Most people barely notice the garbage truck rolling through their neighborhood before sunrise. It’s just part of the background noise of a South Florida morning. But when one of those trucks causes an accident, the injuries can be devastating.
Coastal Waste & Recycling is one of the dominant waste haulers in Broward County. The company holds the exclusive franchise contract for solid waste collection throughout the Broward Municipal Services District and handles residential curbside recycling for approximately 38,000 homes in Fort Lauderdale. This company operates contracts across unincorporated Broward, Pompano Beach, and other surrounding communities. Their trucks are on Fort Lauderdale streets every single day of the working week, starting early and running routes through residential neighborhoods, commercial corridors, and school zones alike.
When one of those trucks injures someone, the legal case that follows is more complicated than a standard car accident claim — and knowing how to build it properly makes the difference between a fair recovery and a frustrating dead end.
Rosen Injury Law has spent more than 20 years handling serious personal injury cases throughout Fort Lauderdale and Broward County, recovering over $125 million for our clients. If you or someone close to you was hurt in an accident involving a Coastal Waste & Recycling truck, we want to hear from you. Call (954) 787-1500 or visit our contact page and schedule a free consultation to discuss your claim.
Why These Cases Are More Complicated Than Typical Car Accident Cases
The moment a commercial vehicle is involved in an accident, the legal landscape shifts in ways that most people don’t anticipate. Garbage trucks, recycling trucks, and roll-off vehicles like those operated by Coastal Waste & Recycling are commercial motor vehicles subject to both Florida law and federal regulations administered by the Federal Motor Carrier Safety Administration (FMCSA).
Under Florida Statute § 316.302, commercial motor vehicles operating in Florida must comply with FMCSA safety standards. Those standards cover driver qualifications, hours-of-service limits, drug and alcohol testing, vehicle maintenance requirements, and load securement. When a commercial trucking company or its driver violates any of those regulations and an accident results, those violations become evidence of negligence.
There is also the question of who is legally responsible. In a commercial truck accident, liability rarely stops with the driver behind the wheel. Coastal Waste & Recycling, as the employer, may be liable for its employees’ negligent acts under the doctrine of respondeat superior.

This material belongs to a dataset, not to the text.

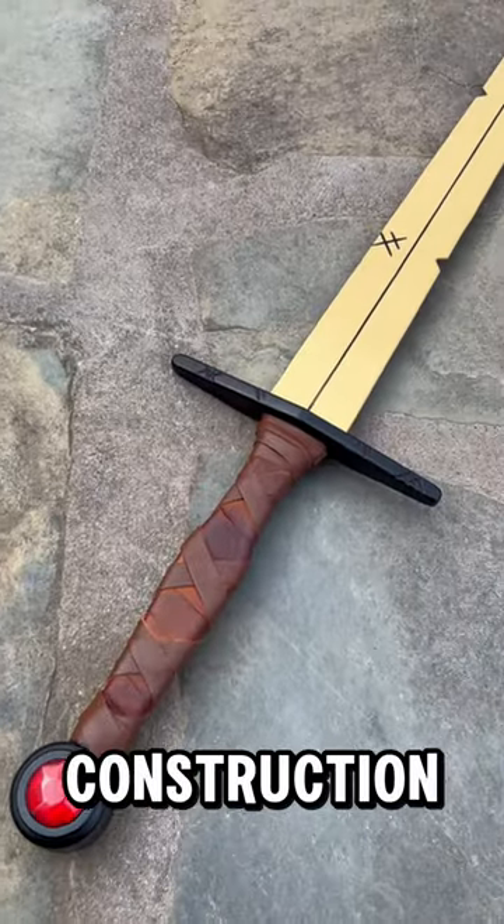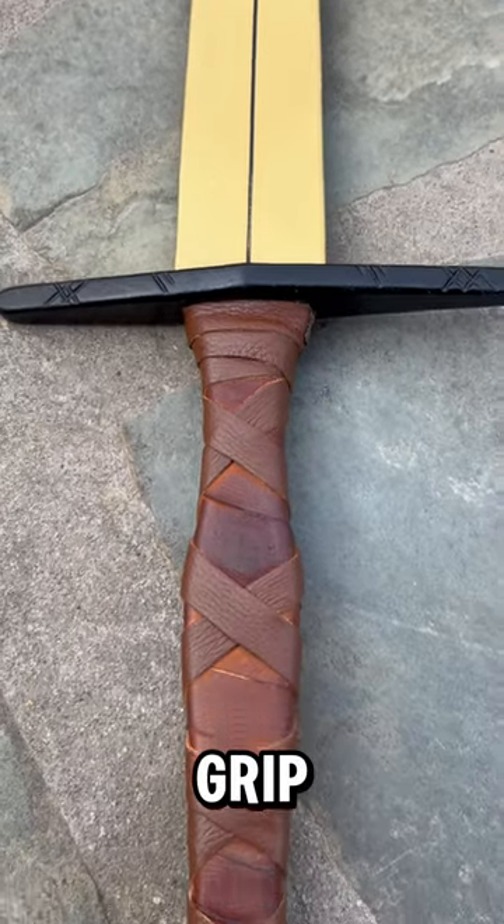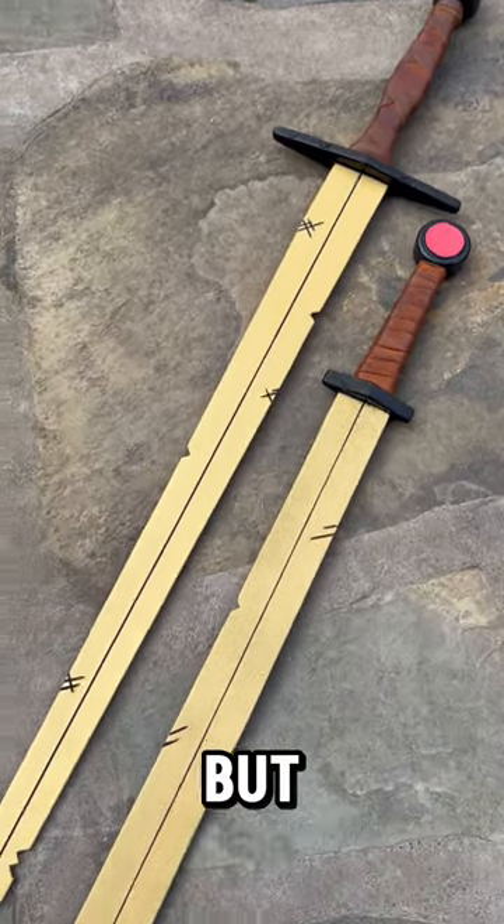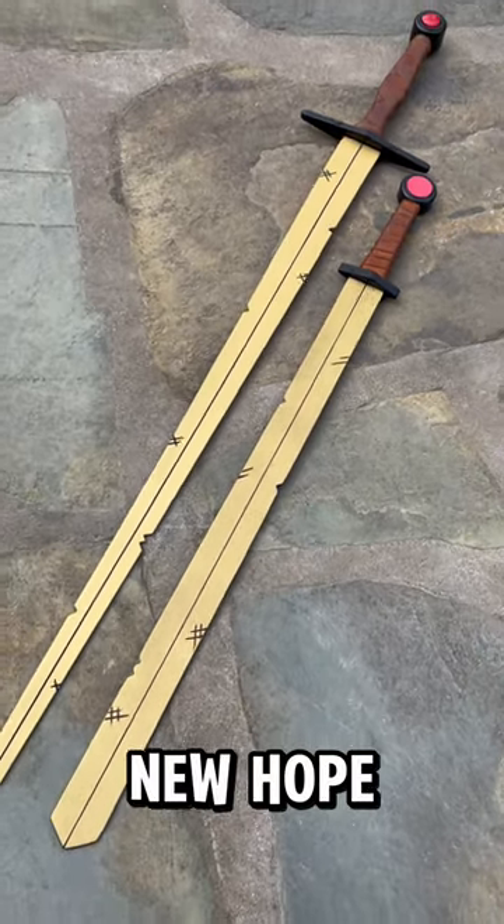It still has that all-steel handmade construction and the very same kangaroo leather grip, although this time around we went all out with a nice faceted jewel pommel. Of course we're still massive fans of the original design, but this was a good opportunity to try something new. Hope you guys enjoy, cheers!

But the analysis can go further. Was the truck adequately maintained? Did a mechanical failure — worn brake pads, a hydraulic system problem, compromised tires — contribute to the crash? Was the driver properly trained and supervised? Was there a history of safety complaints or prior incidents involving this driver or this truck? All of those questions can point toward additional layers of liability, and answering them requires access to records that companies don’t hand over voluntarily.
Leading Causes of Waste & Recycling Truck Accidents
Waste collection routes are physically demanding, repetitive, and conducted under time pressure. Drivers make dozens of stops per route, operating in tight residential streets, navigating parked cars and cyclists, working in all weather conditions, and doing it all before most residents have finished their morning coffee. That combination — fatigue, repetition, time pressure, and urban traffic — creates genuine risk.
Some of the most common causes of Coastal Waste & Recycling truck accidents we see in Fort Lauderdale and Broward County include:
Blind spot collisions are a persistent problem with large rear-loading and side-loading collection trucks. The size and design of these vehicles create significant visibility limitations, and cyclists, motorcyclists, and pedestrians are particularly vulnerable. A driver pulling away from a curb stop without adequately checking mirrors can strike someone in the roadway without ever seeing them.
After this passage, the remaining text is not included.